> ACTION ITEM: Count the lines below with the string "Woman" in them. Only the number should be given.

> MATERIAL SUPPLIED:
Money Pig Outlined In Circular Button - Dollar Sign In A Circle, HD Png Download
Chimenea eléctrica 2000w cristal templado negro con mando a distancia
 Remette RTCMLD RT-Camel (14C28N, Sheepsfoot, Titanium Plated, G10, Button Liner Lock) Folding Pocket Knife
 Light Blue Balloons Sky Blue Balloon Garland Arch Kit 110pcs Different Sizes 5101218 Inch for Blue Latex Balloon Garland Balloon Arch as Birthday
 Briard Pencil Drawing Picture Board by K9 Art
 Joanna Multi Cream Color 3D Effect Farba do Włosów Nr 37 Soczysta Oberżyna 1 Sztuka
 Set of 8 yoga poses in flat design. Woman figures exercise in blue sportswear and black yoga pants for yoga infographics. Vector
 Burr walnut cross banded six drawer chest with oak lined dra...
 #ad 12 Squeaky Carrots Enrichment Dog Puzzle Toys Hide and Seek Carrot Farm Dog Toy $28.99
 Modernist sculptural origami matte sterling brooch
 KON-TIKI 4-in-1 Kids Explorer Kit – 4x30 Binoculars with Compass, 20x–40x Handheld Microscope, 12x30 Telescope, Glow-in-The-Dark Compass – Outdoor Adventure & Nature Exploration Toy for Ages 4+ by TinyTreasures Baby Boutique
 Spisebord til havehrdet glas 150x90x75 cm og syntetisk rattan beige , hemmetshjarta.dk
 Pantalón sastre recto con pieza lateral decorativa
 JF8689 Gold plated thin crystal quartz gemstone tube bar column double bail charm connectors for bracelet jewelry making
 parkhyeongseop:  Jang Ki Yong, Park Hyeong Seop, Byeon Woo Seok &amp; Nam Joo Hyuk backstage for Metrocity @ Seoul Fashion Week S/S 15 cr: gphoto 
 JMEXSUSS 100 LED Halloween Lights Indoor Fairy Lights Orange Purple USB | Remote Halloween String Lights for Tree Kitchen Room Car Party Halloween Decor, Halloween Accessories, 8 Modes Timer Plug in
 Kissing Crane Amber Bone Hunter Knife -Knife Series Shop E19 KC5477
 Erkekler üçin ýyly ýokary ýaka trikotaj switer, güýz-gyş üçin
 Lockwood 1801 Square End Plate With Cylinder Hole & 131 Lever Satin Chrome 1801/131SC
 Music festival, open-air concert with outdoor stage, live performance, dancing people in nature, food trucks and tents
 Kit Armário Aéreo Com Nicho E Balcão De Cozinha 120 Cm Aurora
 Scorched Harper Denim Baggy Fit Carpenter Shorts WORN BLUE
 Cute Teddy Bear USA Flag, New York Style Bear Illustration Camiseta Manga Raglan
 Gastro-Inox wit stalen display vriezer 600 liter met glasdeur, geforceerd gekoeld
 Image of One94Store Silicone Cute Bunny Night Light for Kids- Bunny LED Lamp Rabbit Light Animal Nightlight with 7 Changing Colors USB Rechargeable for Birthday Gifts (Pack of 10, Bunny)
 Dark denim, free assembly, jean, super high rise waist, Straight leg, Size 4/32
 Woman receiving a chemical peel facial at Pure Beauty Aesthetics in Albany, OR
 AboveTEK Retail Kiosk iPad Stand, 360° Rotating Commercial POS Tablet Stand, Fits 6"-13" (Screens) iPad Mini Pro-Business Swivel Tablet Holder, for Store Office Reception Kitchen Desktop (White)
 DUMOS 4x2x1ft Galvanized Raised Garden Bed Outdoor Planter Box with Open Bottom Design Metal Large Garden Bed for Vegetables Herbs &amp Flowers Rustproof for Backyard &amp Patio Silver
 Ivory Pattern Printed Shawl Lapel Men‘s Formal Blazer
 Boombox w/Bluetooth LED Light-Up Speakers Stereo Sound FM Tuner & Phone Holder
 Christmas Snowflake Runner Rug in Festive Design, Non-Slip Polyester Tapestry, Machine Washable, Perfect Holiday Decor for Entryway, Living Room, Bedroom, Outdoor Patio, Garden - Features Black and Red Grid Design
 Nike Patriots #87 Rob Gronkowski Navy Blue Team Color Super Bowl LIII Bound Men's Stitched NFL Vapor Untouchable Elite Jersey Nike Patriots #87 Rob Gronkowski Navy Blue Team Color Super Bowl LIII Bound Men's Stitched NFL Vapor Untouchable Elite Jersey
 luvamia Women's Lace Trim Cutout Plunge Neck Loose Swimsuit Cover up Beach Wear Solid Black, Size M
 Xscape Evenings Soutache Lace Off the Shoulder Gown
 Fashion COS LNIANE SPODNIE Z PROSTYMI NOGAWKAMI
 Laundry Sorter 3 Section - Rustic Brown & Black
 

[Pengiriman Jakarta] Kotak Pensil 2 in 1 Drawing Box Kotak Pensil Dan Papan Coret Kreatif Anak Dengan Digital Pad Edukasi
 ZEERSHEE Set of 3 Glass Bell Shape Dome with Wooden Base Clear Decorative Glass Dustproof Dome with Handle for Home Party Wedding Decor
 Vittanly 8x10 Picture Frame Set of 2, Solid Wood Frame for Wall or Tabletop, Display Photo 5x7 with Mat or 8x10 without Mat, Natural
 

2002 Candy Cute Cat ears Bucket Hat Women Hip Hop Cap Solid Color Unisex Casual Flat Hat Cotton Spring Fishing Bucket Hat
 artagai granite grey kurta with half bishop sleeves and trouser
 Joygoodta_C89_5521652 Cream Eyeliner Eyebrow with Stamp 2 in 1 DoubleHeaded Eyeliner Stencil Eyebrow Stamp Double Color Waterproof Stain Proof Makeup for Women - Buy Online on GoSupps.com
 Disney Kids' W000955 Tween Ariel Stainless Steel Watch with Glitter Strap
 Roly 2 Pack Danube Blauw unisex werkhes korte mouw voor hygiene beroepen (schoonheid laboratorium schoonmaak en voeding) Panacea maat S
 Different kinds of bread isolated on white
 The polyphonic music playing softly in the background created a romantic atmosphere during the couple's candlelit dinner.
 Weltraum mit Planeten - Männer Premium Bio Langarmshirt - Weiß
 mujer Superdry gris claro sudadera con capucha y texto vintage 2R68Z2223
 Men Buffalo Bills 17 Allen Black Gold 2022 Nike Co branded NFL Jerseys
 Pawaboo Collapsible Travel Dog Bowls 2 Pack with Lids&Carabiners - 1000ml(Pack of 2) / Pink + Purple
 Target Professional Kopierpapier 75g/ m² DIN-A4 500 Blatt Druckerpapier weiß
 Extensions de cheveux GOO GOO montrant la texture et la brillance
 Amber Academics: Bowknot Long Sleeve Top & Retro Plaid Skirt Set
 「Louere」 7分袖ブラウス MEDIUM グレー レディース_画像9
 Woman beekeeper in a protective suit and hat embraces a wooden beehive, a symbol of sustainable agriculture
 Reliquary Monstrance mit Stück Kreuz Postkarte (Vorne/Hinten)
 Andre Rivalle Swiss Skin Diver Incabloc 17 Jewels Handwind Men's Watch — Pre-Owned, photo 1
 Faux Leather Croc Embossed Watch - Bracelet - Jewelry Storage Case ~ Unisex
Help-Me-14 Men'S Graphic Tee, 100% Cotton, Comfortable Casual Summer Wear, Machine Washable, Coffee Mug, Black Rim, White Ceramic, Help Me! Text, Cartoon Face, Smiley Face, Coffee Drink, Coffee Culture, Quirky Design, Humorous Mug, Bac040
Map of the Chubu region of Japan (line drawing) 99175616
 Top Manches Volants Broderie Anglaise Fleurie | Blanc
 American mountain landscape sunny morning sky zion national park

> YOUR RESPONSE: 3